# Isometry type of alcoves in affine Coxeter complexes

Let $$W$$ be an irreducible affine Coxeter group (say of type $$\widetilde{X}_n$$), and let $$\Sigma$$ be the associated Coxeter complex. Thus, $$\Sigma$$ is an $$n$$-dimensional Euclidean space tesselated by isometric copies of a given simplex $$A$$ (namely, by the alcoves of $$\Sigma$$). I would like to know what the isometry type of $$A$$ is, depending on $$\widetilde{X}_n$$ (at least for the classical types $$\widetilde{A}_n$$, $$\widetilde{B}_n$$, $$\widetilde{C}_n$$ and $$\widetilde{D}_n$$).

More specifically, if $$1$$ is the length of the shortest edge of $$A$$, what are the other possible lengths for the edges of $$A$$?

(For instance, in type $$\widetilde{A}_2$$, all edges have length $$1$$).

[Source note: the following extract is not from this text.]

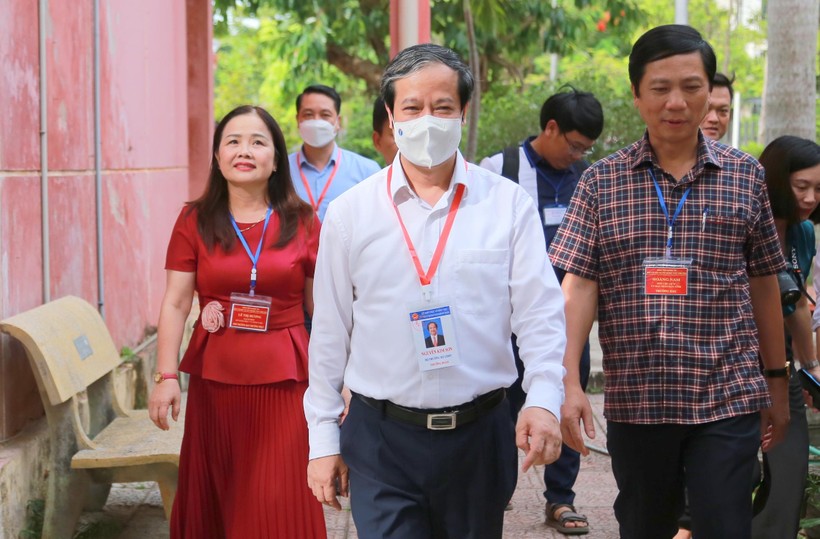Bộ trưởng Nguyễn Kim Sơn 'tiếp lửa' cho ngành Giáo dục Quảng Trị ảnh 5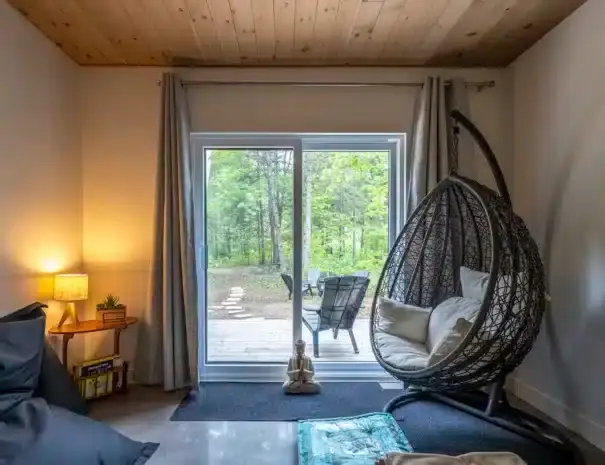 Chalet avec spa et sauna digne d’un spa nordique privé à Saint-Côme - salle de repos intérieure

• Hint: Look at the automorphism group of the extended Dynkin diagram. – Moishe Kohan Mar 25 at 21:00
• Did you compute them for $n\leq 4$? This should give you a clear picture what it is. All the necessary equations for the calculation are in Bourbaki, Lie Groups and Lie Algebras, ch 4-6... – Bugs Bunny Mar 26 at 7:10
• @BugsBunny Do you know of any reference where these calculations are made, or can you show on an example (eg $\widetilde{D}_4$) what has to be done? – user154087 Mar 26 at 11:14
• I guess this is no longer a comment. So I post it as an answer. – Bugs Bunny Mar 26 at 13:34
• Note that even in Type A, you do not get a regular simplex: the simplex has cyclic symmetry (as explained by the comment of Moishe Kohan), but not full symmetry. – Sam Hopkins Mar 26 at 13:57

Go to Bourbaki, Groupes et Algebres de Lie, Ch.4-6 where the fundamental weights $$\varpi_1, \ldots , \varpi_n$$ of $$X_n$$ are listed. The vertices of the simplex are $$0 \ \mbox{ and } \ x_k \varpi_k, \ k=1,\ldots,n$$ where $$x_k>0$$ is such that $$x_k \varpi_k$$ lies on the fixed hyperplane of the last Coxeter generator of the affine Weyl group. This hyperplane is given by the equation $$\langle z , \alpha_0^{\vee}\rangle =1$$ where $$\alpha_0^\vee$$ is highest coroot. The highest roots are also listed in the same book. Don't forget to swap $$B_n \leftrightarrow C_n$$, when looking for the highest coroot, because the coroot system is Langlands dual to the root system.